Se, por um lado, se detectaram algumas constantes entre o povoamento da Pré-história Recente e a Idade do Ferro em relação aos períodos posteriores a correlação continua a notar-se em vários pontos, embora sem uma sobreposição exacta, entre o período dito "castrejo" (Idade do Ferro) e a época romana, em que se nota, tal como em muitos casos no Noroeste, uma "descida" dos habitantes indígenas dos seus promontórios fortificados para os povoados romanos ("villas" ou "vicus") em zonas abertas, de vale. Poucos são aqui os "castros" em que se encontram vestígios abundantes da época romana no interior dos seus recintos.
Do mesmo modo, o período pós-"Reconquista" parece fazer deslocar o povoamento, de novo, para os pontos mais altos e defensáveis. Feito o balanço da ocupação medieval, foi abordada a questão específica dos escoriais de ferro, que vão desde as coincidências com vestígios desde a época romana até ao período medieval e posteriores. Só escavando esses escoriais se podem "afinar" as cronologias e também saber mais sobre os processos tecnológicos - outra grande via de pesquisa, segundo o PARM. Foram referidos, neste passo, além dos estudos pioneiros do professor Adriano Vasco Rodrigues, os últimos trabalhos do Sr. Prof. Engº. (jubilado) Horácio Maia e Costa, em vias de publicação. Tivemos a honra de acompanhar as recolhas que fez, no terreno, no ano passado, tendo-nos o autor já comunicado os resultados preliminares, com muitas novidades interessantes, pelo que se impõe a classificação de todos os escoriais de ferro do concelho, pelo menos e para já, como Valores Concelhios.
Várias outras conclusões foram tiradas, além do alerta que foi deixado para a necessidade de preservação destes vestígios, como um imperativo de cidadania, pois são estes testemunhos, frágeis em muitos casos, que nos permitem responder à grande questão: quem somos e para onde vamos? N. Campos disse ainda, apontando para o computador portátil, que somos como esta máquina: sem memória não funcionamos; uma sociedade desmemorializada, seria uma sociedade amnésica, alzheimerizada, sem consciência de si própria, uma não-sociedade, ou no mínimo, uma sociedade de seres irracionais. Daí a importância da preservação destes "VESTÍGIOS...", podendo ser o PDM um grande instrumento para esse efeito, dentro de uma política de gestão coerente do território.
Foi ainda dito que sem o apoio da autarquia de Torre de Moncorvo, não só de agora, mas ao longo de todos estes anos, este trabalho não seria possível, pois o amor à camisola dos membros do PARM, não seria suficiente. Esta mesma ideia foi expressa pelo Professor Adriano Vasco Rodrigues, que felicitou o PARM por todo o trabalho realizado e por estas iniciativas.

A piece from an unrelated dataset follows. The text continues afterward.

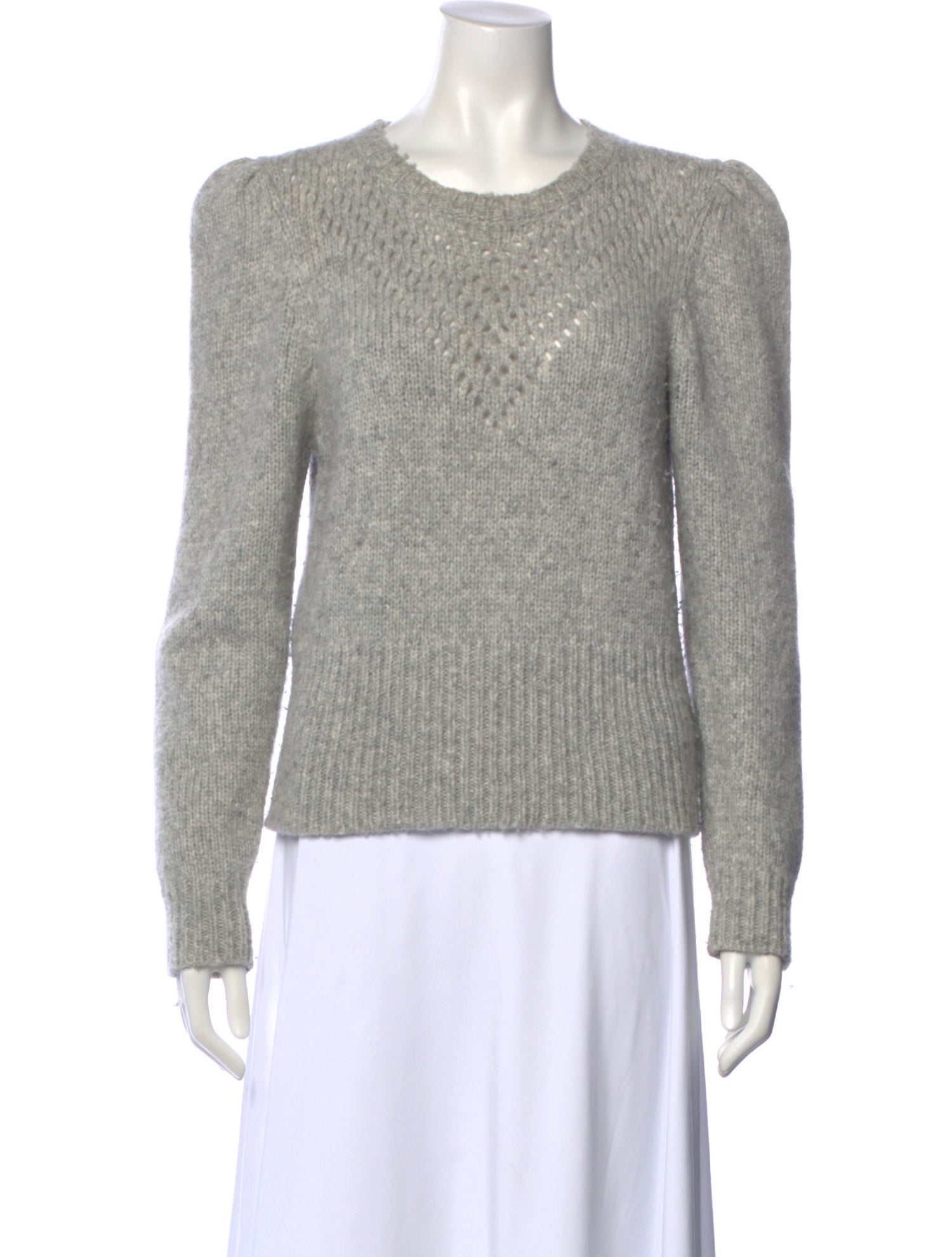 St. Roche Baby Alpaca Crew Neck Sweater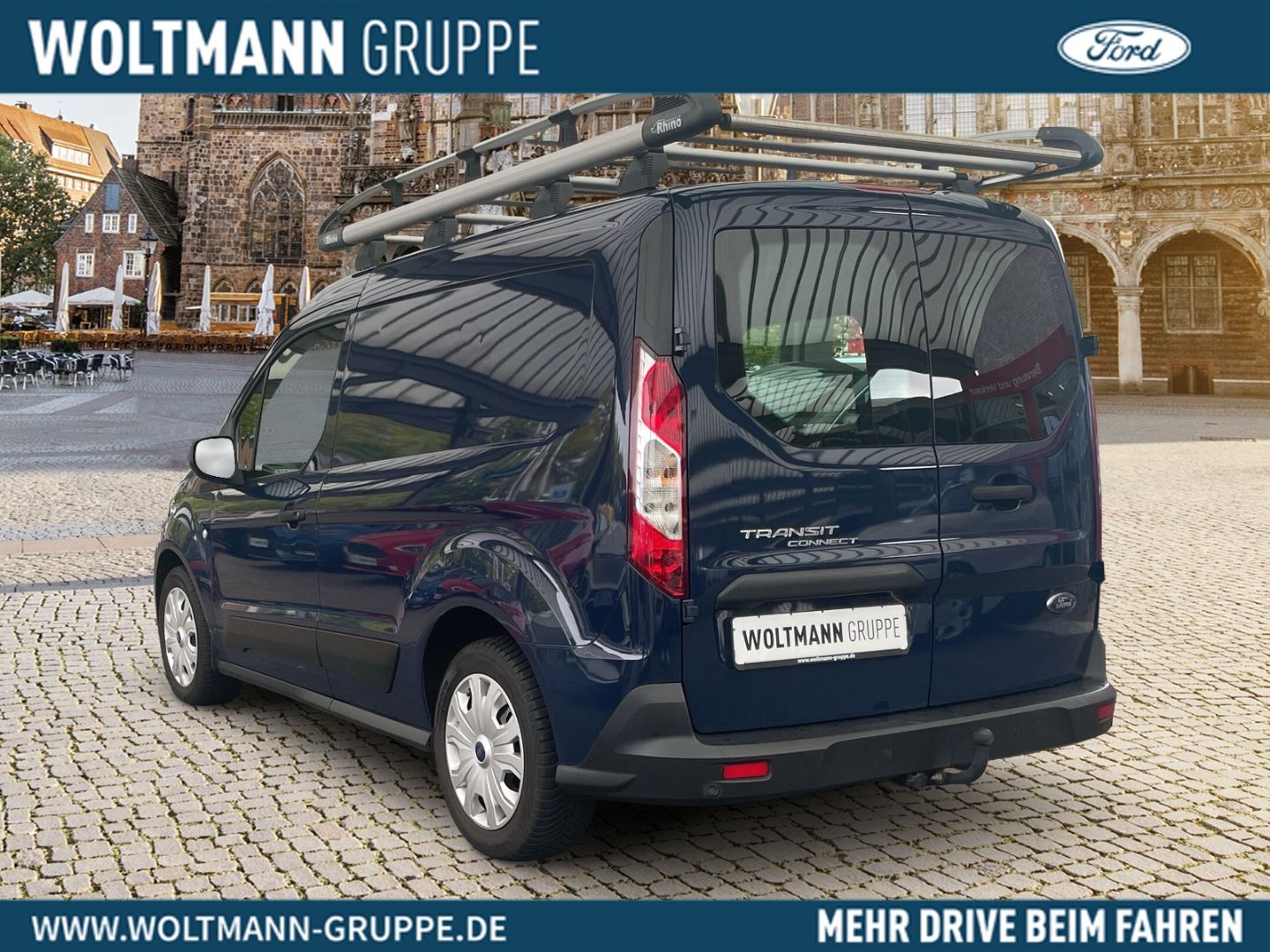 Fahrzeugabbildung Ford Transit Connect Kasten Trend L1 1.5 EB AHK Dacht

Há ainda a referir o apoio que foi dado, noutros tempos e para trabalhos de campo, pelo ex-IPPC, depois IPPAR, e ex-FAOJ, depois IPJ (Instituto Port. da Juventude).
A terminar, os presentes puderam visionar uma apresentação de imagens de diversos sítios arqueológicos e outros valores patrimonais do concelho de Torre de Moncorvo, montada por Rui Leonardo, com imagens do Arquivo Fotográfico do PARM, algumas com mais de 20 anos. Assim, alguns desses vestígios, nomeadamente de velhos caminhos medievais, já foram irremediavelmente perdidos, tendo apenas ficado silenciosas fotografias a preto e branco. Algumas dessas mesmas imagens podem ser apreciadas na Exposição "VESTÍGIOS... " que continua patente no auditório do Museu do Ferro & da Região de Moncorvo, aguardando a sua visita!